OJOS que no ven, corazón que no siente. Este sabio refrán le viene al pelo a lo que ocurre actualmente con el tratamiento del mobiliario en las ciudades por parte de los usuarios presuntamente irresponsables o por desaprensivos a los que parece no dolerles el coste que representa invertir en calidad de vida en la urbe, y es que los gestores de la "res pública" debieran salir más a la calle, sentarse, si cabe, en los bancos deteriorados o no, ponerse en la piel de los administrados o transeúntes, dejar que se enfríen los sillones de los despachos, aunque solo sea una hora al día. Desde el coche, posiblemente, no se aprecien las deficiencias o carencias de un municipio, un barrio, un caserío, o la Isla, aunque reconozco que podría pecar de excesivo en esta observación. En este caso, me centraré en el Puerto de la Cruz, que transito casi a diario, y que durante algo más de treinta años pude tomarle el pulso informativo y que, aún hoy, tal vez por deformación profesional, o por sentimiento, sigue siendo motivo de preocupación y hasta de afecto, pues no en vano tuve el honor de ser vecino de esta ciudad entre 1987 y 1998, concretamente, de la calle Lomo Nieves, junto al viejo templete de la familia Renshaw, que se erige como auténtico vigía de ese promontorio portuense. En uno de mis pausados paseos por la remozada avenida Hermanos Betancourt y Molina, antigua Generalísimo Franco, me percaté del buen acabado de la reciente reforma y con los flamantes artilugios propios de lugares acotados o gimnasios, con la particularidad de que algunos de estos estaban fuera de servicio o precintados por encontrarse deteriorados, simplemente rotos.

Bien es cierto que el Puerto de la Cruz ha ganado como ciudad habitable, propia para vivir y disfrutar, fruto del esfuerzo desarrollado por las distintas administraciones para modernizarlo y propiciar un realce de su imagen, no solo desde el punto de vista de los destinatarios de esas actuaciones, sino desde la previsible percepción que las mismas despierta en los visitantes.

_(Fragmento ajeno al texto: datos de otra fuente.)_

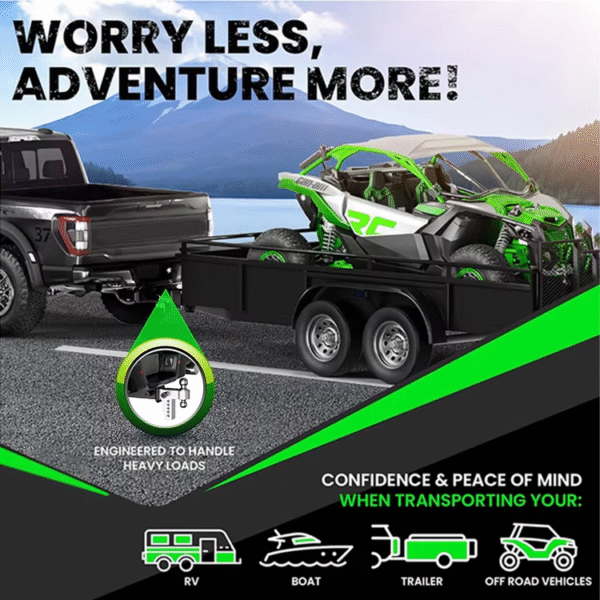 Factory Supply Heavy Duty Hitches Silver Adjustable Trailer Hitch Fits 2-Inch Receiver for Truck 12500 LBS GTW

Una ciudad es como una casa que siempre ha de estar en las mejores condiciones para atender las visitas, en este caso, de los miles de turistas que recalan cada año y que no siempre se llevan un buen recuerdo del estado en que se la encuentran u ofrecen. Resulta penoso que a pocos meses de haber sido entregada la obra de remodelación de la avenida Familia Betancourt y Molina, parte de su mobiliario haya sido víctima de conductas vandálicas, presumiblemente con la impunidad que da la noche o la falta de vigilancia y control de la vía pública, y, por si fuera poco, se cuestiona la idoneidad de determinados aparatos; es decir, dinero supuestamente mal gastado para el contribuyente. Causa desasosiego e indignación observar cómo algo que tanto ha tardado en fraguarse sea pasto de la agresividad gratuita, y como quien rompe no paga, sino los de siempre, así nos va.